Last year's struggles against L.A. aren't forgotten. The Thunder went 1-3 against the Clippers, losing by an average margin of 9.7 points. That point differential included road losses by 12 and 15 points, respectively.
And the Clippers are even better this year.
L.A.'s core now has a year of experience to draw from, along with a bolstered bench that includes the addition of Jamal Crawford, Lamar Odom, Matt Barnes, Ryan Hollins and a healthy Eric Bledsoe. Those acquisitions have helped the Clippers get off to a sizzling start despite Chauncey Billups still being sidelined while recovering from an Achilles injury and Grant Hill (knee) yet to make his debut, also because of injury.

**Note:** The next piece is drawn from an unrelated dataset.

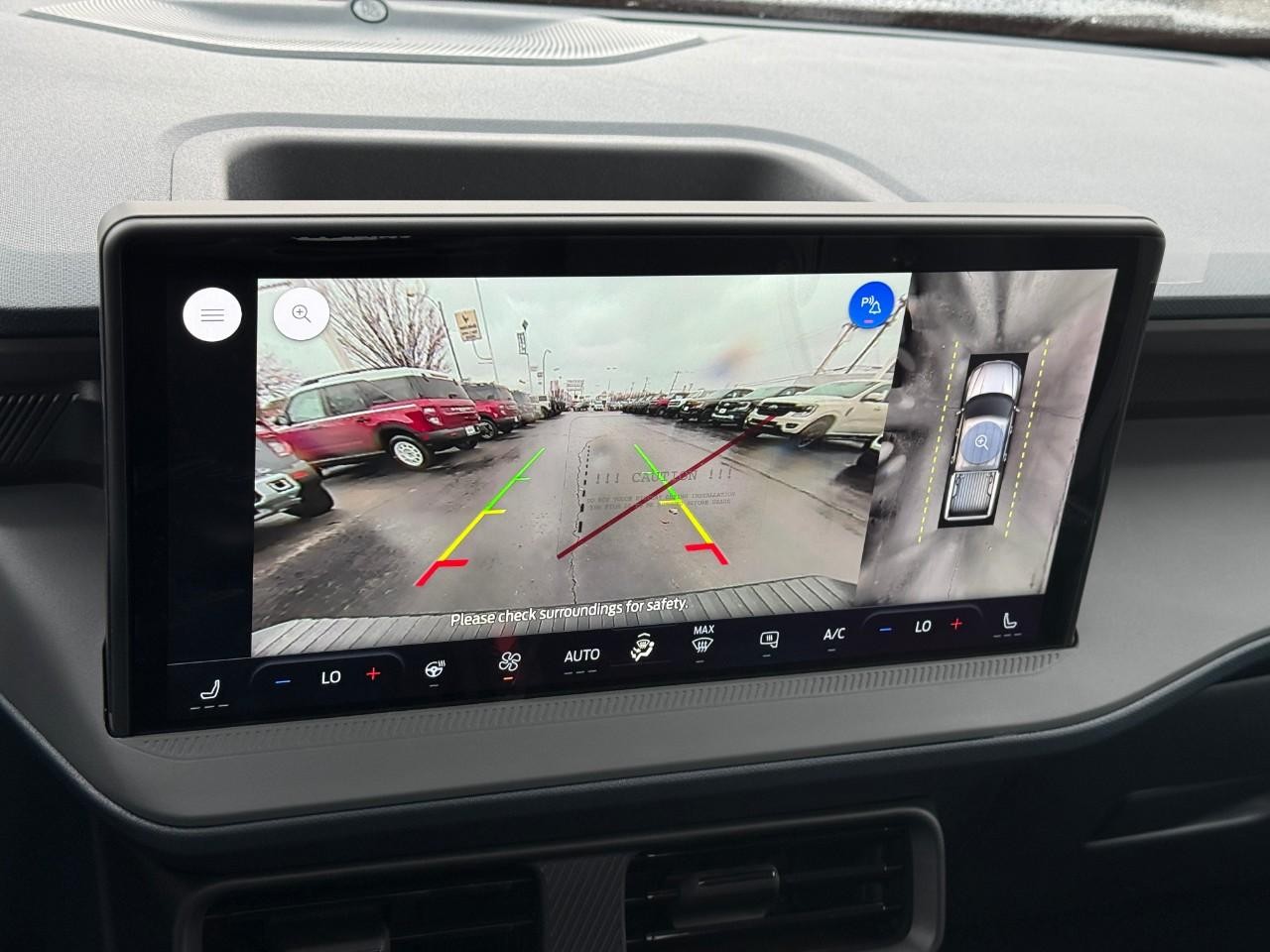 Ford Maverick Vehicle Full-screen Gallery Image 18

But what makes the Clippers such a difficult matchup is their ability to combat the Thunder's strong suits with similar, if not better, strengths. L.A. has the right blend of youth and athleticism, size and 3-point shooting, leadership and depth to deal with just about anything the Thunder throws its way. Few teams, if any, can counter OKC quite like the Clippers.
It's why a seven-game series between these two teams would be must-see TV but one the Thunder perhaps would rather avoid if possible.

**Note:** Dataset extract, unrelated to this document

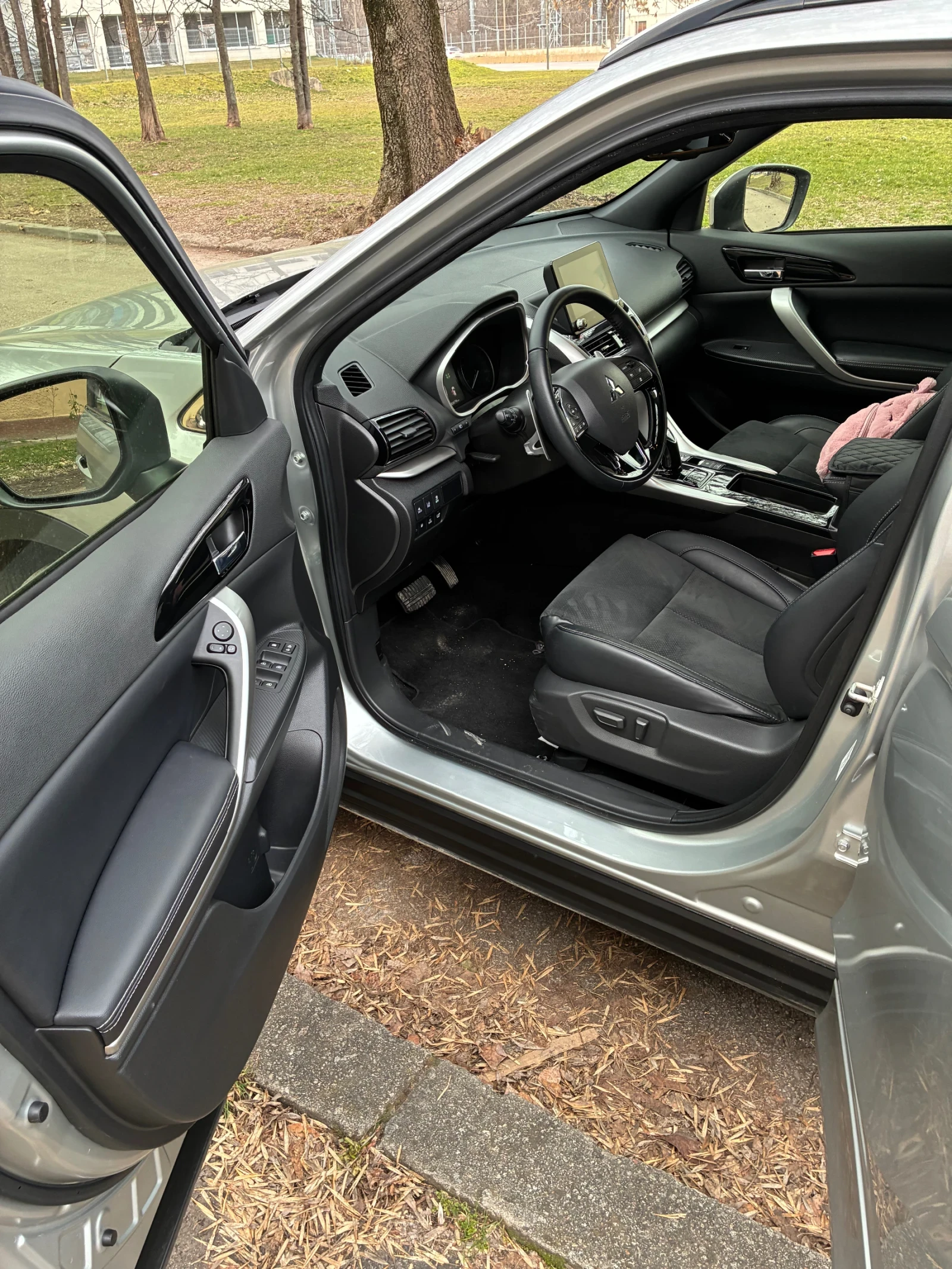 Mitsubishi Eclipse Cross PHEV ���������, � ��������, ������ ���� | Mobile.bg � ����������� 5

“It'll be a good test for us, for sure,” said Nick Collison.
Let's label this first meeting a progress report.
The Thunder still is searching for its first “quality” win after rolling over teams like Detroit, Cleveland and Toronto. Oklahoma City's wins this season have come against opponents with a combined record of 26-44, a 0.371 winning percentage. Golden State, at 6-5, is the only team the Thunder has defeated that currently sports a winning record.
The Clippers, on the other hand, have wins against Memphis, the Lakers, San Antonio (twice) and Miami among other teams. Going into Tuesday's games, none of the Clippers' wins came against an opponent that currently has a losing record. L.A.'s wins have come against opponents with a combined 0.602 winning percentage.

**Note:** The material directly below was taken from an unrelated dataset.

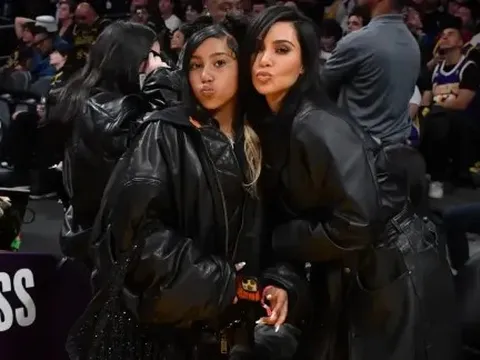 Kim Kardashian mở rộng đế chế thời trang với thương hiệu mới cho con gái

“They're good,” Collison said. “I think they're tough on a lot of teams. Chris Paul's obviously very good in pick-and-rolls and he draws a lot of attention. But they've got other talented players around him so they're a tough team to beat.”
In Blake Griffin, who played at OCS and OU, and DeAndre Jordan, the Clippers have two athletic big men who complement Paul perfectly as options in the pick-and-roll game. With both Griffin and Jordan, the Clippers force the Thunder to be locked in at all times defensively or risk giving up momentum-swinging alley-oop dunks. And with Crawford, Barnes, Caron Butler and Willie Green, the Clippers have shooters who can make the Thunder's defense pay if too much emphasis is placed on keeping Paul, Griffin and Jordan out of the paint.
Beyond that, the Clippers' bench has been fabulous, leading all teams with 42.2 points per game — exactly 11 more a night than the Thunder's reserves contribute. Powered by their bench backcourt of Crawford, the team's leading scorer and the front-runner for Sixth Man of the Year, and Bledsoe, the ultra-athletic point guard, the Clippers are outscoring opposing benches by 18.1 points per game, good for second in the league behind Milwaukee.
“Their bench is much better than a year ago, and Bledsoe off the bench is a force,” Brooks said. “He has tenacity, he has toughness (and) he seems to always make the right plays, hustle plays.
“They had a good team last year, but obviously I think they're much better this year.”
Oklahoma City Thunder vs. Los Angeles Clippers
When: 6:30 p.m. Wednesday
Where: Chesapeake Energy Arena
TV: Fox Sports Oklahoma (Cox 37/HD 722, DirecTV 679, Dish 416, U-Verse 754/HD 1754), ESPN (Cox 29/HD 720, DirecTV 206, Dish 140, U-Verse 602/HD1602).
Radio: WWLS 98.1-FM, WWLS 640-AM
Three things to know
* The Thunder is 6-9 all-time against the Clippers, including a 1-3 record in last year's four-game series.
* The Clippers are on a league-best six-game winning streak and are the only remaining unbeaten team on the road this season.
* After averaging a league-worst 18.5 assists last year, the Thunder is now averaging 22.4 assists, good for seventh in the league before Tuesday's games. The Thunder is coming off back-to-back games of a recording a season-high 31 assists.